Elma obtained her PhD at the Imperial Cancer Research Fund before working as a postdoctoral fellow in Birmingham, Senior Research Scientist at the Edward Jenner Institute and Principal Investigator at Oxford University. Elma identified the leucocyte common antigen (CD45) as a cause of severe combined immunodeficiency in man and the role of CD45 variants in disease. In Oxford she demonstrated the importance of local immunity in vaccine induced protection against tuberculosis.

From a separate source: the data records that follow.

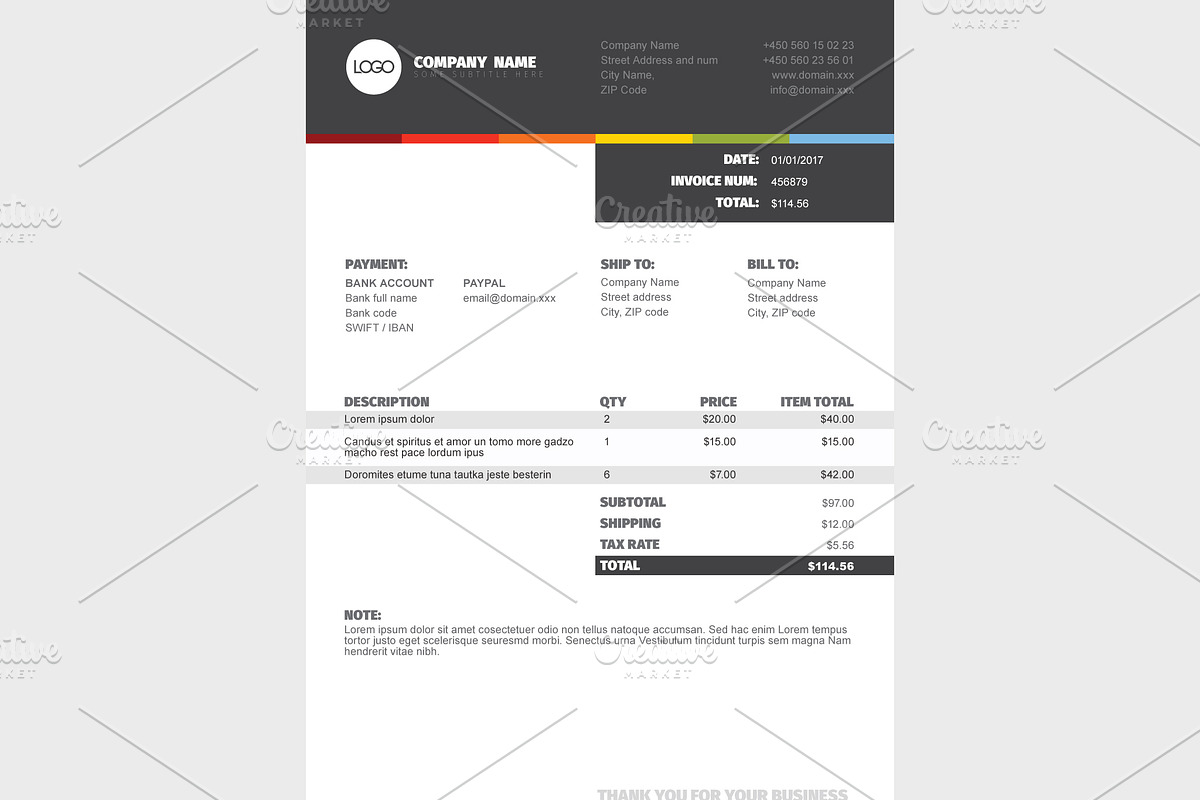 Vector invoice template, a Stationery Template by Orson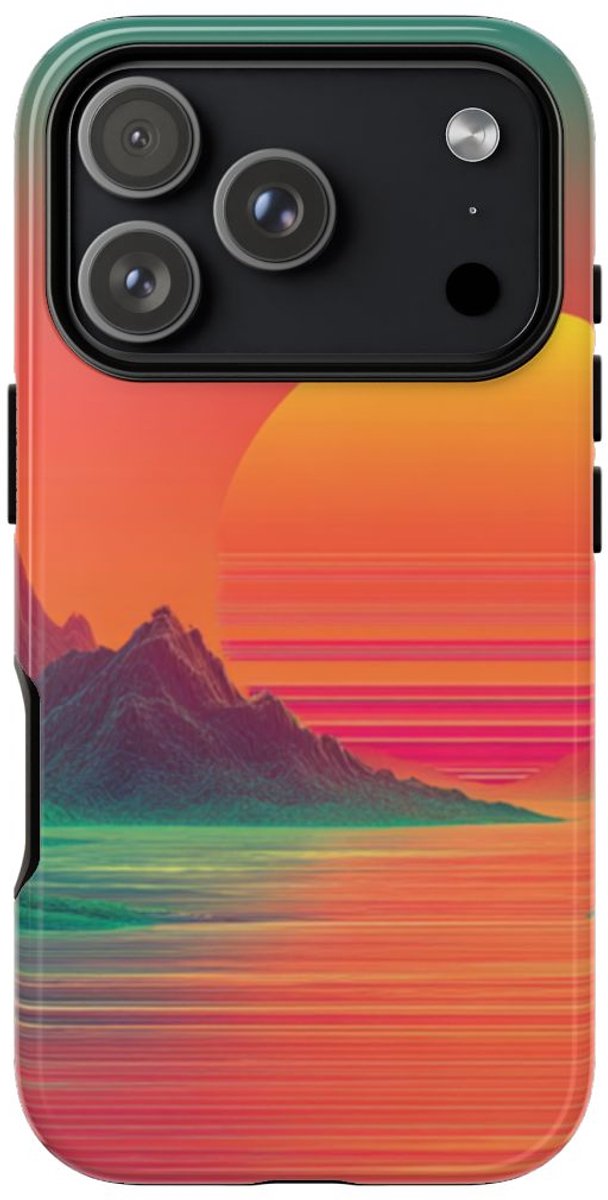 Neon Zonsondergang met Bergen en Zee – Telefoonhoesje Geschikt voor iPhone 17 Pro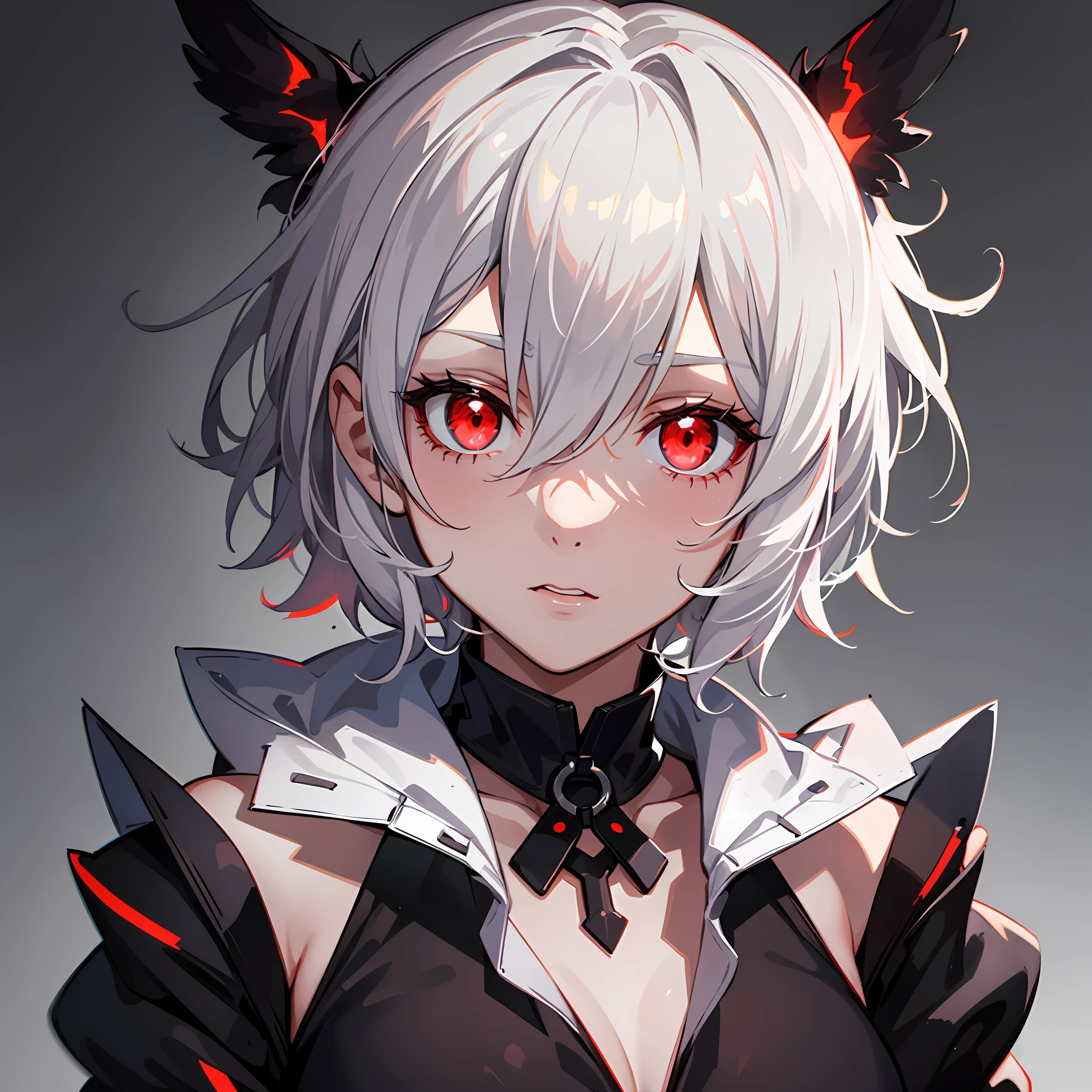 A cute girl, short white hair, glowing red eyes, dark background, dark, terror.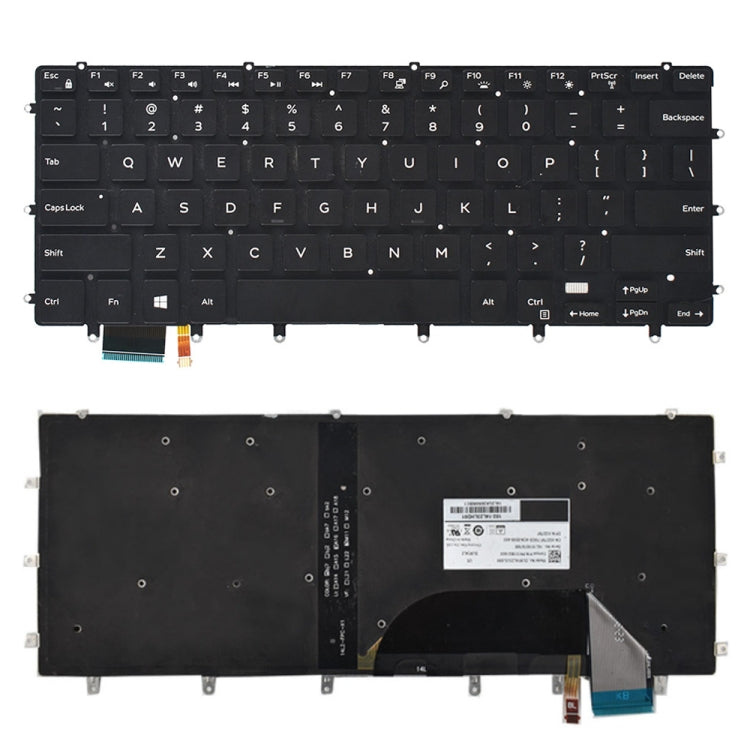 US Keyboard with Backlight for Dell xps 15 9550 9560, For Dell XPS 15 (US) - BSPART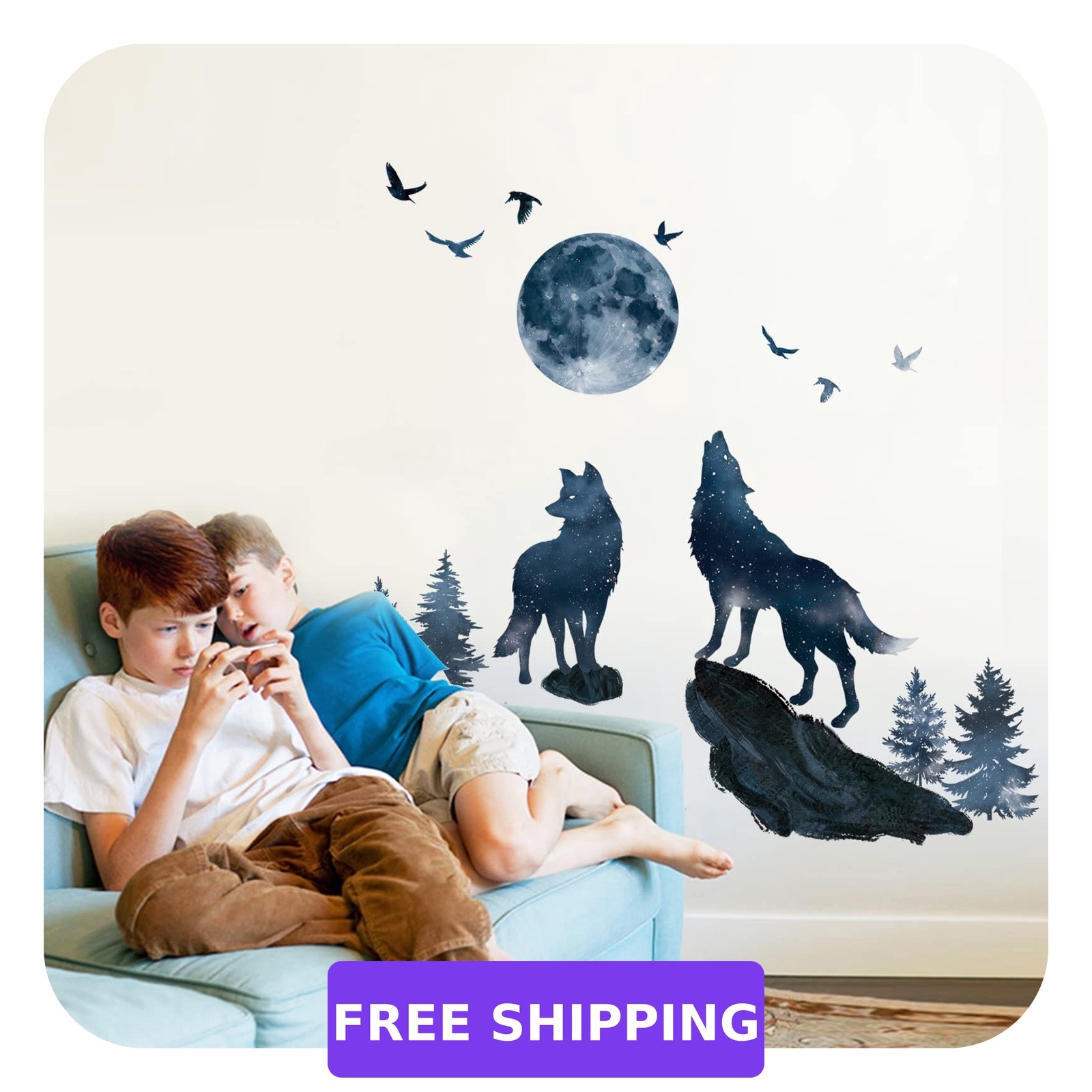 wondever Wolf Moon Wall Stickers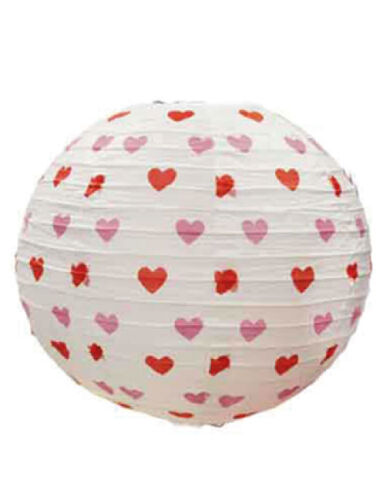 Japon Feneri Beyaz Üzeri Kalp Baskılı 30 cm - 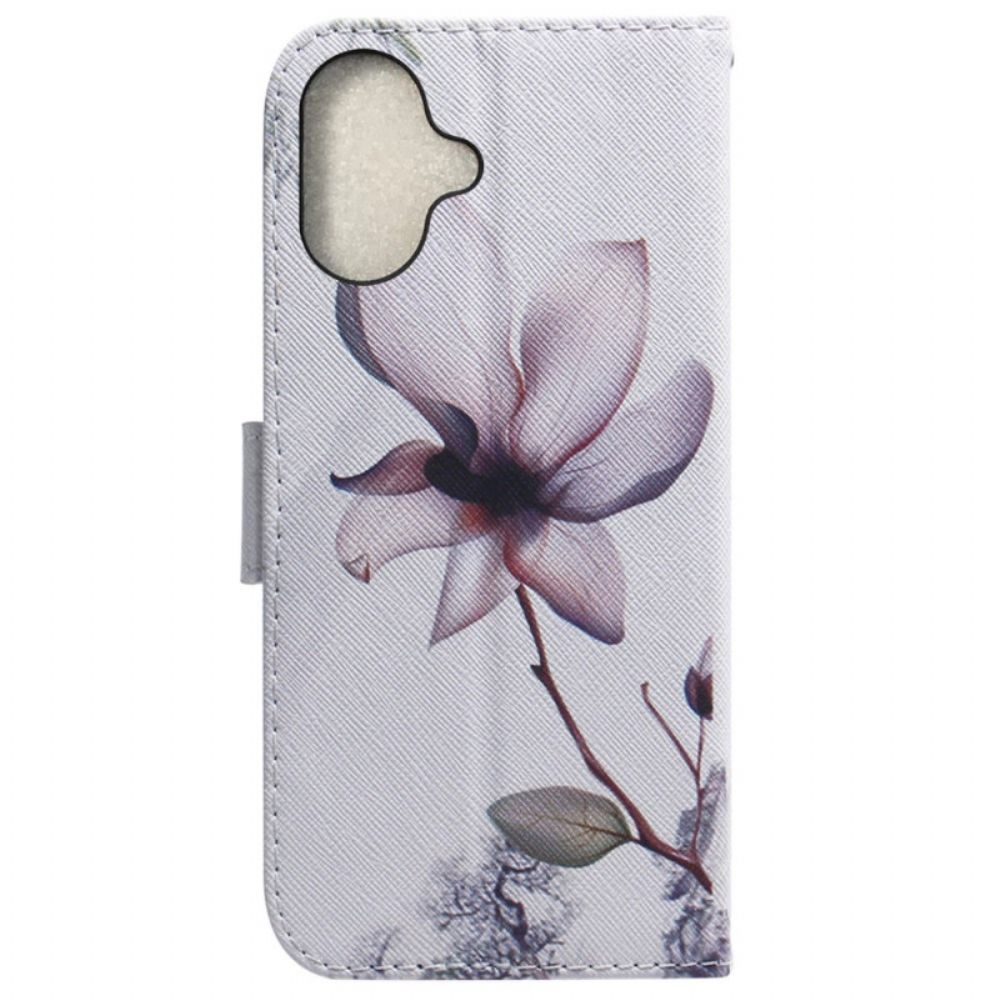 Bescherming Hoesje iPhone 16 Plus Roze Bloem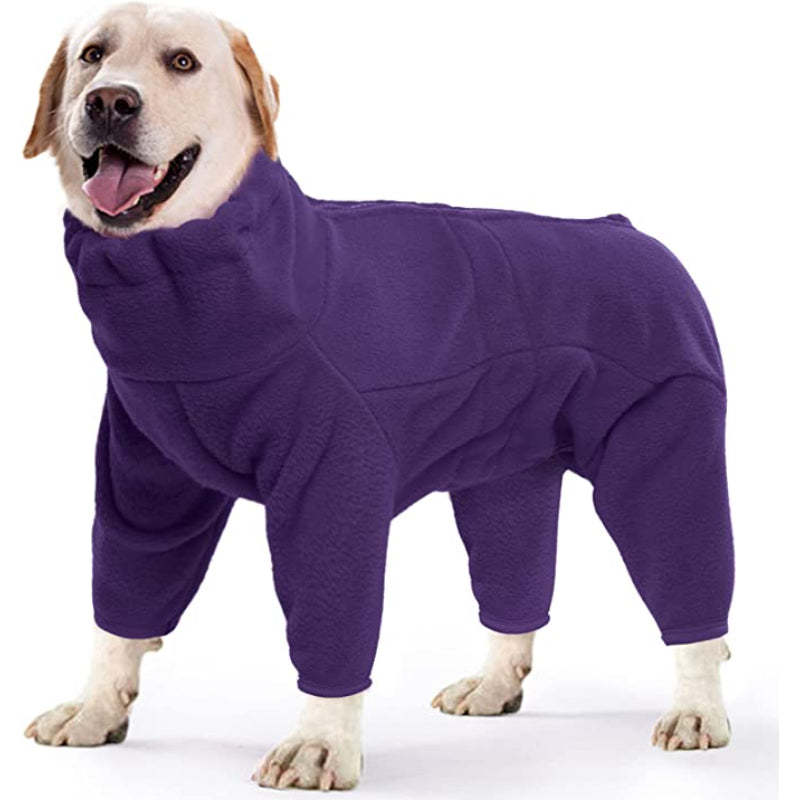 Dog Winter Coat Soft Fleece Pullover Pajamas, Pet Outfit Clothes-Paw Print Pad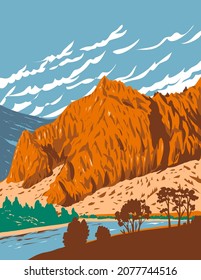 WPA Poster Art Of Tower Rock State Park Entrance To The Missouri River Canyon In The Adel Mountains Volcanic Field In Montana, United States Of America USA Done In Works Project Administration Style.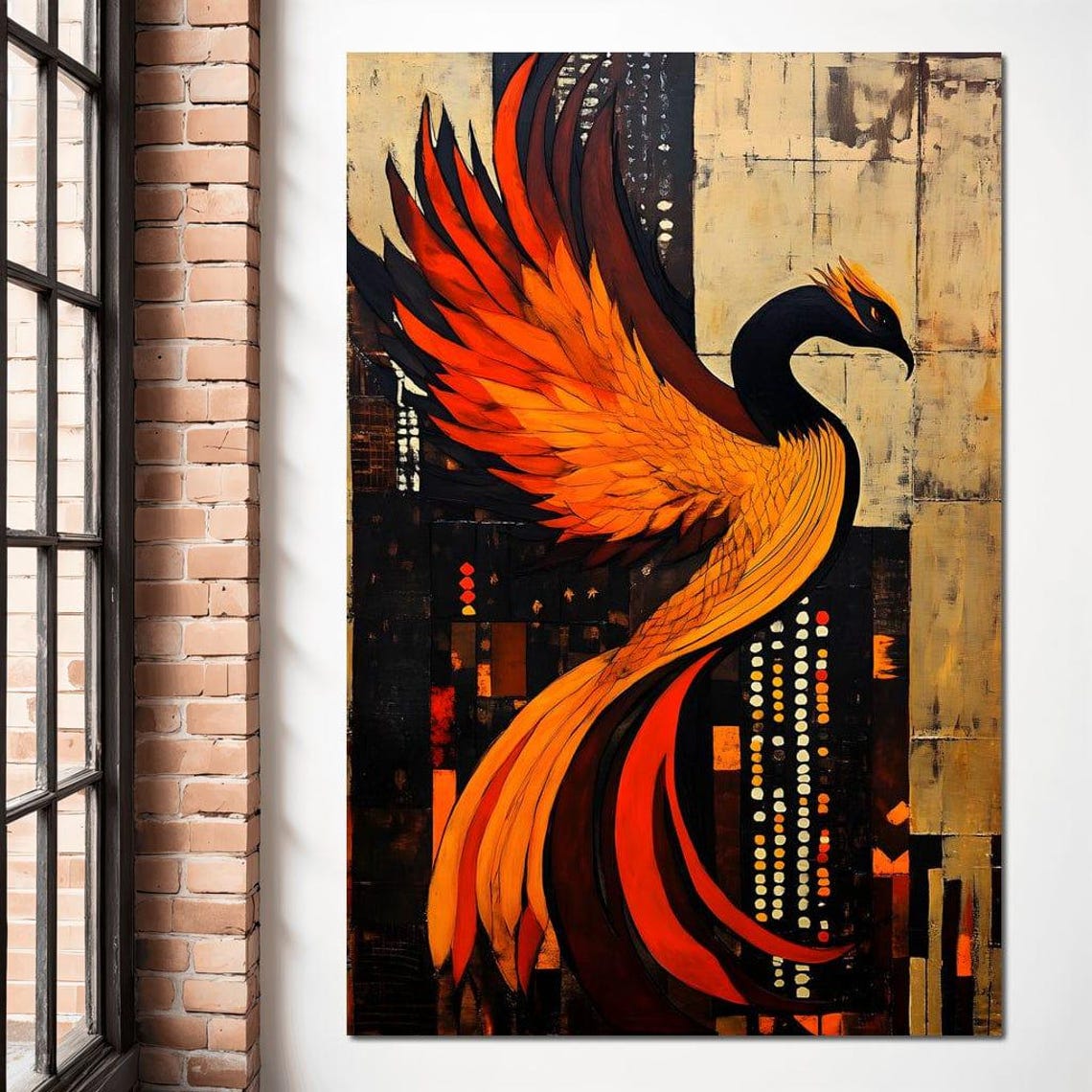 Fiery Orange Phoenix Soaring Above A Night City Modern Art Poster - Image 2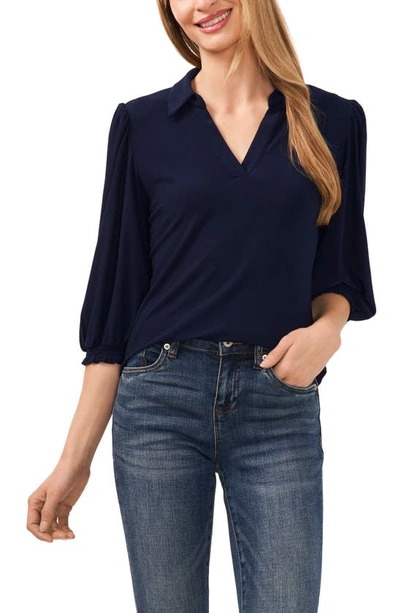 Cece Collared Ruffle Cuff Top In Navy J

Elma joined The Pirbright Institute in 2014 and is now head of Mucosal Immunology. She has established a powerful pig influenza model to study immunity to and transmission of influenza viruses and test efficacy of vaccines and therapeutics. Elma’s group identified special pig immune cells that are present in tissues (tissue resident memory cells) and generated the first pig influenza monoclonal antibodies, showing that they recognise identical parts of the virus to human antibodies. This data demonstrated the utility of the pig as a biomedical model for human disease. The overarching aim of Elma’s research is to understand how best to harness mucosal immunity in protection against influenza and other respiratory pathogens.
The ongoing aims of Elma’s group are:
- To test how best to deliver prophylactic and therapeutic monoclonal antibodies and to uncover mechanisms underlying their ability to protect against disease.
- To determine the importance of local immunity, including lung tissue resident memory T cells, in respiratory infections and develop improved strategies to induce these protective mechanisms.
- To understand transmission dynamics of swine influenza and identify means of preventing transmission.